# Task brief
Going through the material below, output exactly the lines from the one containing "Serenity Lotus Flower" through the one containing "Phone and Camera", and no pictures.

# Listed entries
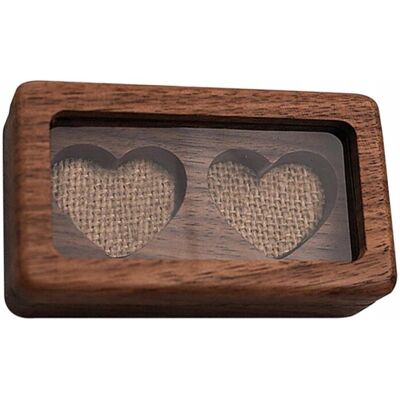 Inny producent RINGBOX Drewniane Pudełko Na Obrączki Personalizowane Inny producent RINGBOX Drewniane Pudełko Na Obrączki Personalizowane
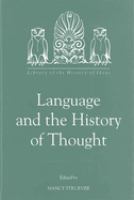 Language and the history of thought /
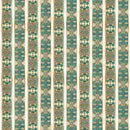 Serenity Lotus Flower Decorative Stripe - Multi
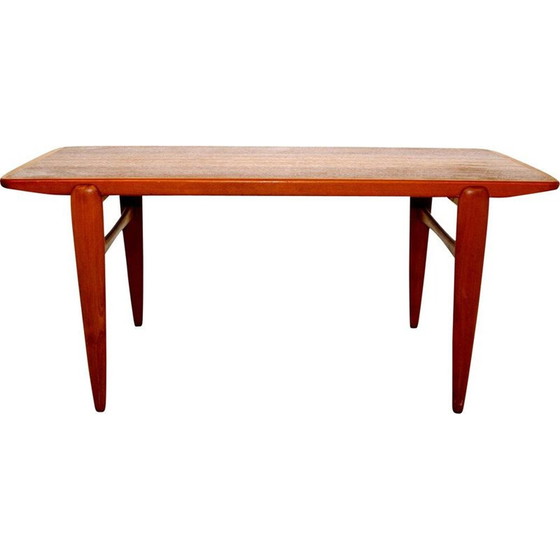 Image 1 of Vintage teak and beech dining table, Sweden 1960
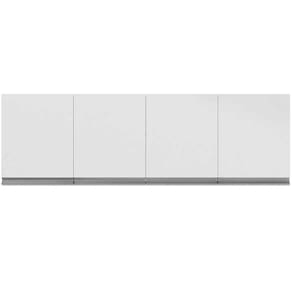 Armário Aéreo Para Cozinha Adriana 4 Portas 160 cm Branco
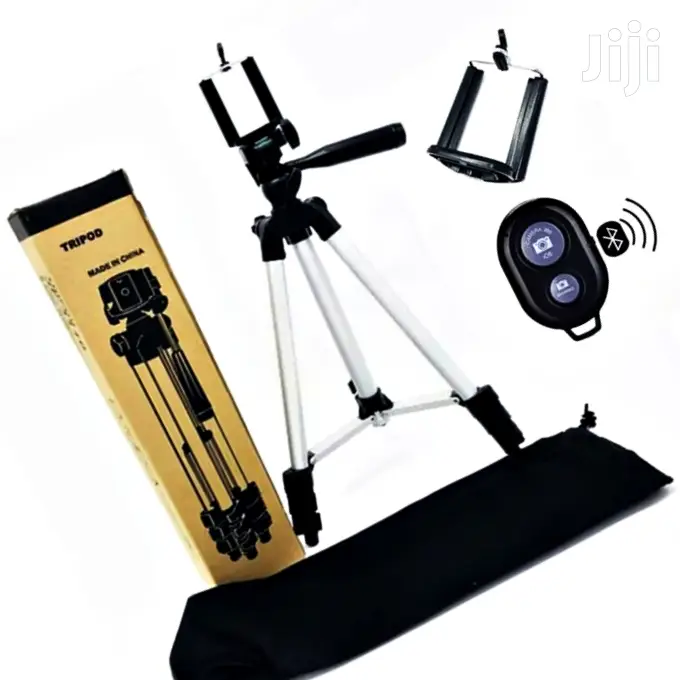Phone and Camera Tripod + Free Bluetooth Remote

--

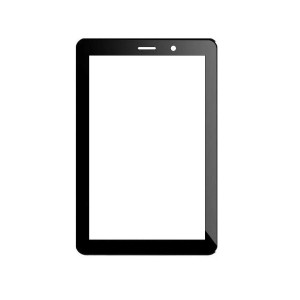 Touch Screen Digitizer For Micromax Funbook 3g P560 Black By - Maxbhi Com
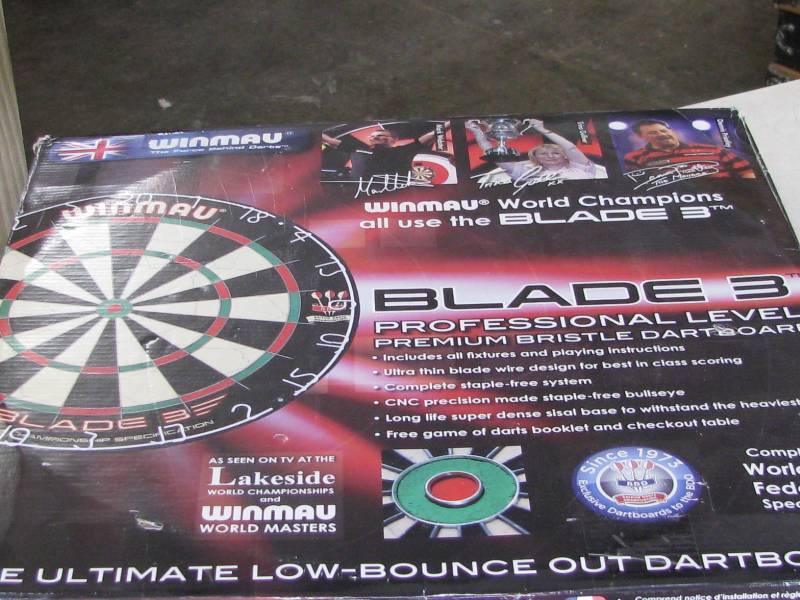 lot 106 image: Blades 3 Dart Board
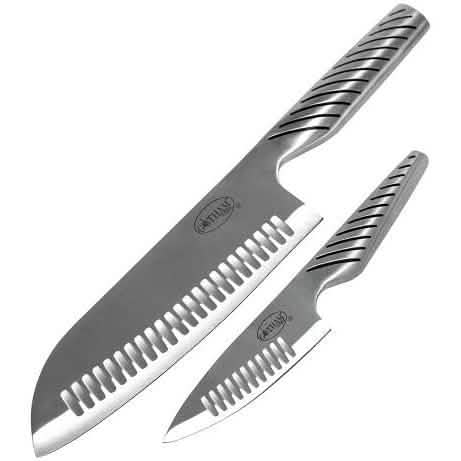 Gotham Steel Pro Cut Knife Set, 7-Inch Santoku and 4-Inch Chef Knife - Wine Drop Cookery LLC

# Answer for the task
 Serenity Lotus Flower Decorative Stripe - Multi
 Image 1 of Vintage teak and beech dining table, Sweden 1960
 Armário Aéreo Para Cozinha Adriana 4 Portas 160 cm Branco
Phone and Camera Tripod + Free Bluetooth Remote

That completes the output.